# Your instructions:
Word for word, transcribe the material below from its first line to the line with "Möbel - Couchtische", both included.

# Material shown:
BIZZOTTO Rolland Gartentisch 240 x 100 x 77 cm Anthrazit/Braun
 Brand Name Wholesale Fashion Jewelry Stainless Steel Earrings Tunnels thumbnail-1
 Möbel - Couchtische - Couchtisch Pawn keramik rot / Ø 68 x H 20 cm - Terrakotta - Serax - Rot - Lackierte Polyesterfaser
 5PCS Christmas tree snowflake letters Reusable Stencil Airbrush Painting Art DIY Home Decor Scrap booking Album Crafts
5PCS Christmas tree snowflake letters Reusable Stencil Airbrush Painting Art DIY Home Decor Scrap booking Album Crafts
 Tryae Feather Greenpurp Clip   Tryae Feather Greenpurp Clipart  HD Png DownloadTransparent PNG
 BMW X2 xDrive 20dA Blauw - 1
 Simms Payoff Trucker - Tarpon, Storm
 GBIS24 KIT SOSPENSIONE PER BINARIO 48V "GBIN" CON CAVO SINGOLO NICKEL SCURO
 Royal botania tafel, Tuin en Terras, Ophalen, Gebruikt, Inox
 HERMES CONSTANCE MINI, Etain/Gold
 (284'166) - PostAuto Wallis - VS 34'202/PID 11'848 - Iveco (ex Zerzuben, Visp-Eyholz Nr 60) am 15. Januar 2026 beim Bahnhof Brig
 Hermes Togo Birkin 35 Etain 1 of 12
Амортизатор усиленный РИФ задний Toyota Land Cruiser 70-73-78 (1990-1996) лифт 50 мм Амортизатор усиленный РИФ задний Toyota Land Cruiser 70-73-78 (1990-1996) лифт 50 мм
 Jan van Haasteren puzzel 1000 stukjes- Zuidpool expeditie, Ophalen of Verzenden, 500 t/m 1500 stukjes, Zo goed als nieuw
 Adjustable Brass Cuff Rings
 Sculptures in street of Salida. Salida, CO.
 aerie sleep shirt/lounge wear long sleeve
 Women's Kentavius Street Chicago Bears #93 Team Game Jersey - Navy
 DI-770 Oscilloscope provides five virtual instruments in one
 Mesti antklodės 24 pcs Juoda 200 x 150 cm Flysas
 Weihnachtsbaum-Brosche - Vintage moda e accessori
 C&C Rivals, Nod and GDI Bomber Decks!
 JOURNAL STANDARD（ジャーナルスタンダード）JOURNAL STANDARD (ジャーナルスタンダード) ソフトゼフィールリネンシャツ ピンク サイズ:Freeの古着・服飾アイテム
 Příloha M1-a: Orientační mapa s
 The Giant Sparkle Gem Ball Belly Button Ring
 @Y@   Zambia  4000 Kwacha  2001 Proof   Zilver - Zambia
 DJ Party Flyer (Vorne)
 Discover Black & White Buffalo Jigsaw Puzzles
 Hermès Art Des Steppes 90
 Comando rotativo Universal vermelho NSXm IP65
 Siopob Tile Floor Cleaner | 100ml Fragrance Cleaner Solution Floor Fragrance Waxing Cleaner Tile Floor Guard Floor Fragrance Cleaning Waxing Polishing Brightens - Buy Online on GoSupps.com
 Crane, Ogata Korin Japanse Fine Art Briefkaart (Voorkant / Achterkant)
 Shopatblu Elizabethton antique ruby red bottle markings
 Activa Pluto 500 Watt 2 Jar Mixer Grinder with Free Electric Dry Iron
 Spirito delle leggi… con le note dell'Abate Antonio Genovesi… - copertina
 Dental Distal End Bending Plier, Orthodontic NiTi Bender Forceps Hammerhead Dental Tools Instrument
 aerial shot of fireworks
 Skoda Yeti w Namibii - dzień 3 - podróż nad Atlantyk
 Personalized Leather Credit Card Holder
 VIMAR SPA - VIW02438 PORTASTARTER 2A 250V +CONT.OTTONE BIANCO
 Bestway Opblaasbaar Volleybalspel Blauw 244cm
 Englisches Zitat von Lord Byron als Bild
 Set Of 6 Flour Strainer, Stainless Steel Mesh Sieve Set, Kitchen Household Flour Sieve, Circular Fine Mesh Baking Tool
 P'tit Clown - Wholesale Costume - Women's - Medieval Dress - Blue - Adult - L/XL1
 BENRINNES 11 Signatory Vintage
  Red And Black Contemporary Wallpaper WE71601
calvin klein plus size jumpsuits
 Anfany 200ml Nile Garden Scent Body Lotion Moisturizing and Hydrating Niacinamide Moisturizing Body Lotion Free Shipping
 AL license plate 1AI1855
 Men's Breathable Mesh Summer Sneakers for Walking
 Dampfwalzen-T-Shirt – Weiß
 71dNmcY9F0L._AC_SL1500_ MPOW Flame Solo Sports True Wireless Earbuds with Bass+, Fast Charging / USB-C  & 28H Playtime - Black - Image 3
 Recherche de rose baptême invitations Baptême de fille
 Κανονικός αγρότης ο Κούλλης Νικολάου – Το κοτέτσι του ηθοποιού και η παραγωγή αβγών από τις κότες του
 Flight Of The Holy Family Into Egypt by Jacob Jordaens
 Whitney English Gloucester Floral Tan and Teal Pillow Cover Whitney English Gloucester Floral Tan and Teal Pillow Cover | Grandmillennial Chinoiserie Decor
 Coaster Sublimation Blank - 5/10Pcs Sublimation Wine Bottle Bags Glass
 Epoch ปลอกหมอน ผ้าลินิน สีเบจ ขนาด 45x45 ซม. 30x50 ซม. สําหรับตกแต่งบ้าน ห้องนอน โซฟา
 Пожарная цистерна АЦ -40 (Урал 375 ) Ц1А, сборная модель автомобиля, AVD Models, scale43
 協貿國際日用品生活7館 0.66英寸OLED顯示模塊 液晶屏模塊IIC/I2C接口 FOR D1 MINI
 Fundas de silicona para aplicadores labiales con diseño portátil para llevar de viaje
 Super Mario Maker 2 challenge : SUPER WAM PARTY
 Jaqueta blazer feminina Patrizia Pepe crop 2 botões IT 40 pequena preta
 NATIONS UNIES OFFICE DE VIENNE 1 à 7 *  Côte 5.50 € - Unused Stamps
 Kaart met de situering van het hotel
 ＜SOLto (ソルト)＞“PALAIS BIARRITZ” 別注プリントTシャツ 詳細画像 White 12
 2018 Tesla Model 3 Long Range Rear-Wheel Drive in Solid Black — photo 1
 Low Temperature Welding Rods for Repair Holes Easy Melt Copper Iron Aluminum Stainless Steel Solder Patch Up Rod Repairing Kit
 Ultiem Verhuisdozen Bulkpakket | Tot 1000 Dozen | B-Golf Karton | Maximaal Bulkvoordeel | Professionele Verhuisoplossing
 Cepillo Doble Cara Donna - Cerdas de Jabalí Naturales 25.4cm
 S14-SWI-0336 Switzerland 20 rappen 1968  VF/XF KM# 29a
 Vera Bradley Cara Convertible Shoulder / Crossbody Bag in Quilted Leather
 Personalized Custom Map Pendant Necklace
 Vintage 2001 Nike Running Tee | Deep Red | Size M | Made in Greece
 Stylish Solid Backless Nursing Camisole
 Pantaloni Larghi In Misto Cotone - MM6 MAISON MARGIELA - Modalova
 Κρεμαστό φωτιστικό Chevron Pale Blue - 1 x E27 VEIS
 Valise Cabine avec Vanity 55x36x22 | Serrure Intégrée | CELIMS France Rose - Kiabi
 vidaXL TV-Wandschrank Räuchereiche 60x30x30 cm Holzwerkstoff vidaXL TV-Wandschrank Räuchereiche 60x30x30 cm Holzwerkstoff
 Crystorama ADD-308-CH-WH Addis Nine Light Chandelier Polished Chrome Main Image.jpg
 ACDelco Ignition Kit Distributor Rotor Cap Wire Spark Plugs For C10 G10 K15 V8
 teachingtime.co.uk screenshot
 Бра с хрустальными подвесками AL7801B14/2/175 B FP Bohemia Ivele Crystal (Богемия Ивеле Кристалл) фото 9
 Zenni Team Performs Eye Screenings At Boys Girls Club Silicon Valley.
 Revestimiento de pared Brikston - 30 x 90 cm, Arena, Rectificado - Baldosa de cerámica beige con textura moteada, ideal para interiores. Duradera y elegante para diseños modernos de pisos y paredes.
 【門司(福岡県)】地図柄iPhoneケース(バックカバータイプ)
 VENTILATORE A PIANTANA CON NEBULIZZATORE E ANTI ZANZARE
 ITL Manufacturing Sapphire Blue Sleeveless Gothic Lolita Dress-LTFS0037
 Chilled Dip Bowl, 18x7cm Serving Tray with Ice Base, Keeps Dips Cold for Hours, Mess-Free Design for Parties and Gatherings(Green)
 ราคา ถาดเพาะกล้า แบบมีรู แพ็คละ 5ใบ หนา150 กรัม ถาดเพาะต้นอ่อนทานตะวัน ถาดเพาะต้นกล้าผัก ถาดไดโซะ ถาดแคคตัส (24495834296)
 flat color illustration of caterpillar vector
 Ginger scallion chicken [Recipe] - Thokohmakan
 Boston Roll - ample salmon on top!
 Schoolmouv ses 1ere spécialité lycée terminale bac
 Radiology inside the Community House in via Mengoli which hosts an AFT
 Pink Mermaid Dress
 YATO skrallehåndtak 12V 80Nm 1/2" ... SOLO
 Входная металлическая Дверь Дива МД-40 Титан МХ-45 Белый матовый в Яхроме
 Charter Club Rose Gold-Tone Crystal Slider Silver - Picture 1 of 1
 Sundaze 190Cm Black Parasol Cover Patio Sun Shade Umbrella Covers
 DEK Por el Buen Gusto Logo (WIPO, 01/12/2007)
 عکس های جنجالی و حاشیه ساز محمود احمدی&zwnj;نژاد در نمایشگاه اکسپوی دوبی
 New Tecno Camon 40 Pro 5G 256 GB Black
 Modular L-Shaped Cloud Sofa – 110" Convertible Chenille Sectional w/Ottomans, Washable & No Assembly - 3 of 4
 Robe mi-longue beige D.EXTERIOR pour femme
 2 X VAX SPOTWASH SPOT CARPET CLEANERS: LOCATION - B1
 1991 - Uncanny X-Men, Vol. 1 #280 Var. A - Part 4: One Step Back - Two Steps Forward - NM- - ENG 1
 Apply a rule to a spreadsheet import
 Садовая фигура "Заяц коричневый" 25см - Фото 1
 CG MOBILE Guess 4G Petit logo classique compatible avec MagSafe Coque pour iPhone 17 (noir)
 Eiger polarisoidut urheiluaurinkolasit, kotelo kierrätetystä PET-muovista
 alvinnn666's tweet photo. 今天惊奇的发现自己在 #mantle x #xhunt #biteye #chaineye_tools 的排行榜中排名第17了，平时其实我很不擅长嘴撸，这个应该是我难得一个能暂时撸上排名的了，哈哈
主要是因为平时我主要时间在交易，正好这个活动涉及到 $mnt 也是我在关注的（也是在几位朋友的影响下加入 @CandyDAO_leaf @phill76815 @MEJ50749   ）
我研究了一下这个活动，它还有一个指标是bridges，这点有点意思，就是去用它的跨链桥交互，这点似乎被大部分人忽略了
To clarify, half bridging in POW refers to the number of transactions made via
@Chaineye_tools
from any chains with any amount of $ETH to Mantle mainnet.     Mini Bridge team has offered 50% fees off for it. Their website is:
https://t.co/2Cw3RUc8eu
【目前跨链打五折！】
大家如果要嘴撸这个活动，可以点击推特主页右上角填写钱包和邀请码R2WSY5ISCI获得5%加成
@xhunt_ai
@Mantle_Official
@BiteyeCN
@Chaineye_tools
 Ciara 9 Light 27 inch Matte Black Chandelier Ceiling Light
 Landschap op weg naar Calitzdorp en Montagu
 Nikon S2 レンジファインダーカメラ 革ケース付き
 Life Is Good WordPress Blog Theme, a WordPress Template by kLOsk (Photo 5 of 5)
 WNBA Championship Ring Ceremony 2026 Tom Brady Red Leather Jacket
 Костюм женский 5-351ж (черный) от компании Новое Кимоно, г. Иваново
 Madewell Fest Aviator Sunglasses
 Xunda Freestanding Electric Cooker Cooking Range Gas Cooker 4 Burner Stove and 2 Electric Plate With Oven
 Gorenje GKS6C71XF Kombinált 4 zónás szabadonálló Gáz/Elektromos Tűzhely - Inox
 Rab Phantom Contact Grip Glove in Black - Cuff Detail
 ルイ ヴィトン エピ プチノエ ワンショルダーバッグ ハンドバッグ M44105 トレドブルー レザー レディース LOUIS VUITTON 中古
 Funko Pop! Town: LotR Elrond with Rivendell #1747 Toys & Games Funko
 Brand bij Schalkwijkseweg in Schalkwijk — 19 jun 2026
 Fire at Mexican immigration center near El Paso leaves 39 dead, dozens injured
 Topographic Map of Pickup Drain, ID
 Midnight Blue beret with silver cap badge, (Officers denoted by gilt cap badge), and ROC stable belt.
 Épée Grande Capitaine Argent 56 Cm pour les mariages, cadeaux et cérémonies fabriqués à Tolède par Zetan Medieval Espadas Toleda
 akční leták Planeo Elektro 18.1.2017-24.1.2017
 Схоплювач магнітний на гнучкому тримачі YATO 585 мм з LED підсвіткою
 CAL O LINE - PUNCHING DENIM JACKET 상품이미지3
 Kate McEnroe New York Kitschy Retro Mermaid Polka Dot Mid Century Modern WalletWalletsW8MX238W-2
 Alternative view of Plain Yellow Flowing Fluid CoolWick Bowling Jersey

# Task answer:
BIZZOTTO Rolland Gartentisch 240 x 100 x 77 cm Anthrazit/Braun
 Brand Name Wholesale Fashion Jewelry Stainless Steel Earrings Tunnels thumbnail-1
 Möbel - Couchtische - Couchtisch Pawn keramik rot / Ø 68 x H 20 cm - Terrakotta - Serax - Rot - Lackierte Polyesterfaser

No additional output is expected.